Thanks to Pinterest, I stumbled upon an old Traditional Home feature that caught my eye. Located in Richmond, Virginia, this home is loaded with chintz, buffalo check, toile, cheerful color, blue and white, and traditional southern charm. It is the style that first made me fall in love with interior design years ago, and it is the style I have recently re-embraced. With all of the chaos and ugliness in the world today, there is something so soothing and comforting about pretty, traditional design, and this beautiful home is like chicken soup for the soul!

A cheerful bright yellow floral and bird pattern sets the tone in the entry hall.

The homeowners enjoy entertaining, and their spacious dining room is often comfortably filled with friends and family, including six grandchildren.

Beautiful chintz draperies and a trellis-print rug grace the living room. 

The walls in the breakfast room are covered in blue and white toile. Buffalo plaid frames the windows, and a painted yellow corner cabinet displays a collection of blue and white ceramics.

Hand painted tile adds a pop of color to the all-white kitchen.

Buffalo plaid, toile, and chintz create a lively game room. 

The pale green master bedroom provides a serene refuge, and floral drapes add a romantic touch. 

No detail is overlooked.

Green and white sheers hang from an arched window in the master bath.

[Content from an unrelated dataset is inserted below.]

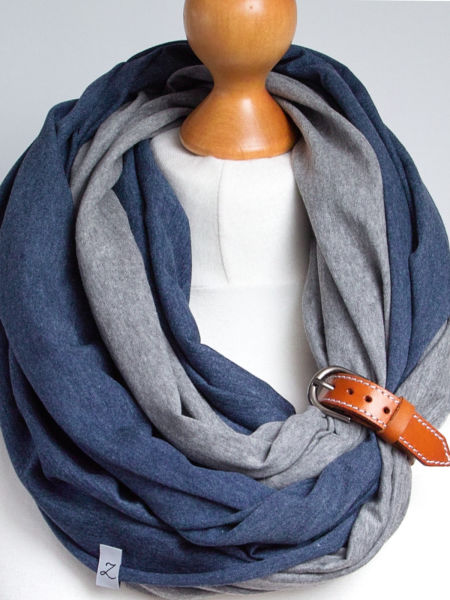 Damski KOMIN szal Dwukolorowy -  TUBA - zapinka bransoletka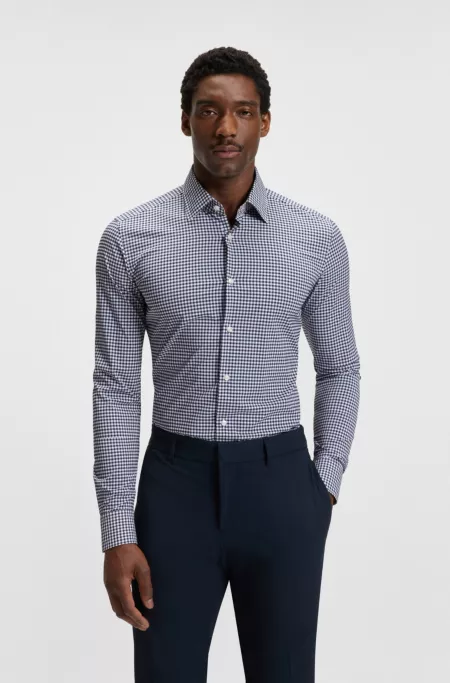 Checked slim-fit shirt in performance-stretch poplin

An inviting green and white guest room.

Cowtan & Tout toile wallpaper covers the guest room, providing a complementary backdrop to tufted slipper chairs upholstered in plaid from Scalamandré and a table skirt from Brunschwig & Fils.

This classic home is warm and inviting and so timelessly traditional. Do you love it as much as I do? To read the entire feature, please visit Traditional Home.

Architectural design by J. Charles Burton, interior design by Anne Page, and photography by Gordon Beall.

Monday, October 17, 2016

The Former Astor Tea House at Ferncliff Restored

What was once the Astor family's garden pavilion in the Hudson River Valley was transformed into an exquisite country retreat for fashion magnate Robert Duffy - founder and deputy chairman of Marc Jacobs International - and his family.

Thirty years ago, Duffy had a weekend home across the river.  An acquaintance showed him an uninhabited folly on the grounds of Ferncliff, the old Astor estate near Rhinebeck. The Astors would retreat - via miniature railroad - to this neoclassical brick pavilion, which they called their "teahouse" when they needed a break from the formality of their main residence. Duffy said he and his friends would go there to "hang out and have fun."

The estate later sold the teahouse to a couple who expanded it into a residence but never lived there. The home sat empty for seven years until Duffy came along to rescue it. There was considerable work to do, so Duffy turned to his decorator Richard McGeehan, with whom he had collaborated eight times, to create a masterpiece.

Photography by James Merrell. Images and captions via Elle Decor.

A cabinet is topped with ginger jars, platters, and bowls from Duffy's extensive collection of 18th- to 20th-century blue-and-white ceramics; the curtains are of a Scalamandré damask.

In the living room, the 18th-century English Chippendale sofa and George II–style antique library chairs are covered in a Brunschwig & Fils damask; the mahogany library table is from the late 19th century, the lacquered chinoiserie secretary is 18th-century English, and the bone-inlaid armoire is from Morocco; the antique Persian rugs are from Rug & Kilim, the circa-1910 portraits are by Charles Webster Hawthorne, and the wall color was mixed on-site.

A hallway showing the original front wall and doorways of the Astor teahouse; the 19th-century brass lantern is from Morocco, and the silk wallcovering is by Fromental.

McGeehan designed the walnut bookshelves in the library; the brass library ladder is from the 19th century.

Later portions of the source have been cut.